Regarded as slightly to the right of just about everybody else in the country, Lord DeVere Clarkson’s most famous quotes include:

‘Sink the boats before they reach our shores. We don’t want those people in this country.’ This was a reference to ferries full of French tourists.

‘Paying tax is for morons. Look how much of it the government wastes.’ He said this when his own party was in power.

‘Everybody should own a gun, this was just a minor mishap.’ This quote came after he was shot by his friend and fellow Lord, Winstanley Watson of Rockall, on the first day of the duck hunting season.

‘This is a police state! Speed cameras just raise money which is then wasted on poor people.’ - after losing his licence for the 7th time.

‘Who are all these senile, dribbling, and rambling old bastards?’ -on attending his first party-room meeting.

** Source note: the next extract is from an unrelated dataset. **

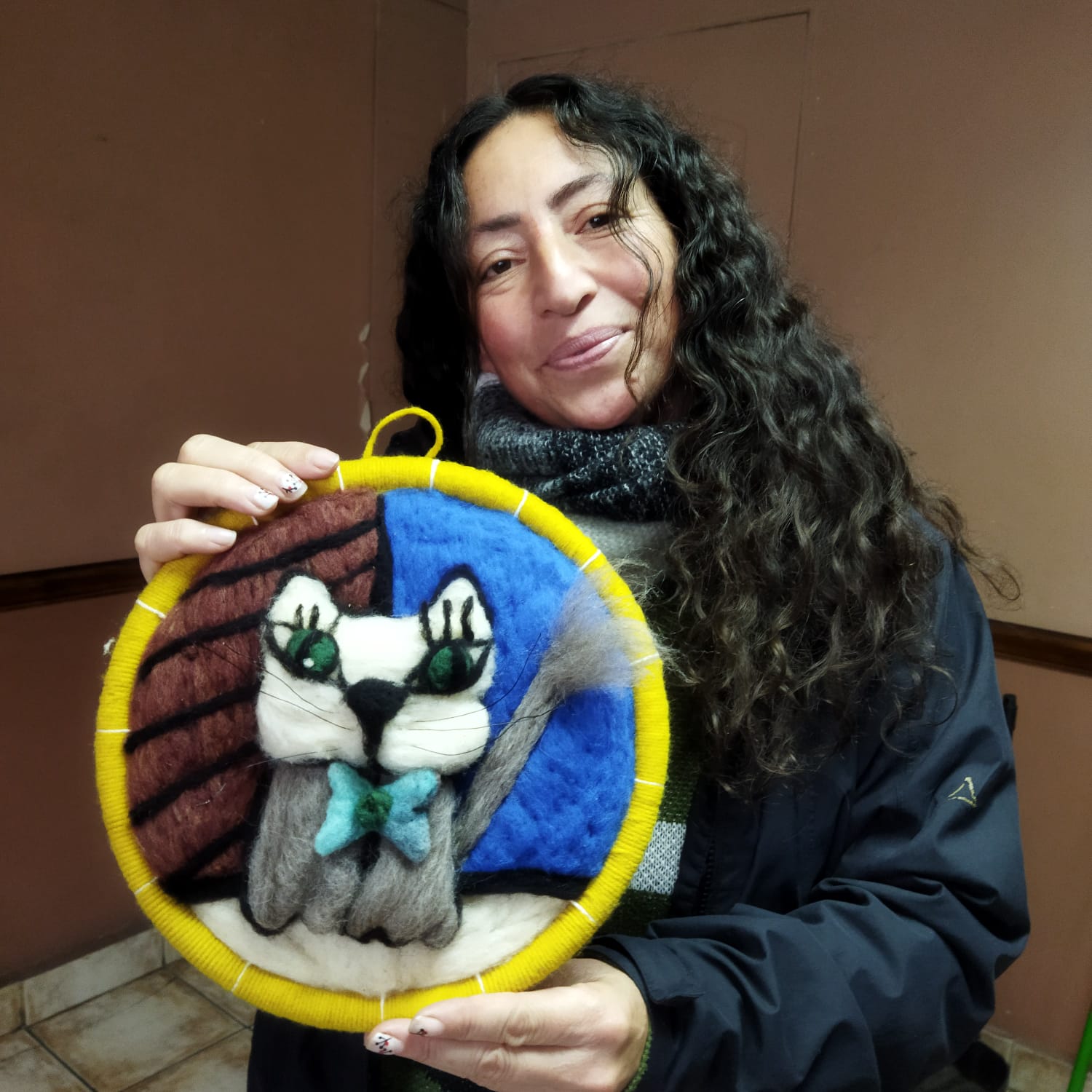 undefined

And while we're talking about politicians, perhaps we can do some revision on election jargon.

Frank de Nighle III, a little known but well respected commentator on electioneering, has provided the following advice on election jargon. Frank advises that you should look out from some key words and phrases when other politicians make election speeches and be aware of what they really mean. You don’t want to miss vital signals from your party’s elite. He specifically singled out eight phrases:

Moving forward - of course this phrase can be used with impunity as it has a progressive feel to it. What the politician fails to mention is that they are moving forward in a gentle arc that will eventually bring them back to where they started.

Real action – as opposed to what - unreal action? This is a play on words, what it should read is Reel Action – as in reeling in the public with so much spin that everybody gets dizzy.

We will set up a task force / peoples committee / working group/ people’s forum – we have no idea what to do about the problem, we’re just pointing out the mess that the health system/education system/ transport network/ defence policy (just fill in as appropriate) is in and the inability of our opponents to solve it, but we hope like hell that somebody somewhere can solve it for us if we are lucky enough to get elected.

I am committed to – my advisors tell me that I should be concerned about this problem and I am happy to get up and commit to anything that will help me get over the line in the election. But what I am most committed to is convincing all the voters that I am committed to solving their problems.

Yes we can – uses the ‘royal’ we and actually means ‘somebody in my government better be listening to this speech and have a solution because I’m clutching at straws here.’

We can’t go on like this – we have been in opposition so long that we are just short of throwing a major tantrum…it’s not fair and it’s our turn to govern. Waaahhhhhh!

It’s the economy stupid – the economy is all I know about and I haven’t got any decent policies relating to anything else.

I am glad you asked that question – I haven’t got a clue and I need some time to gather my thoughts and put together a response that sounds vaguely plausible – and who let this troublemaker into the room. Security, throw them out.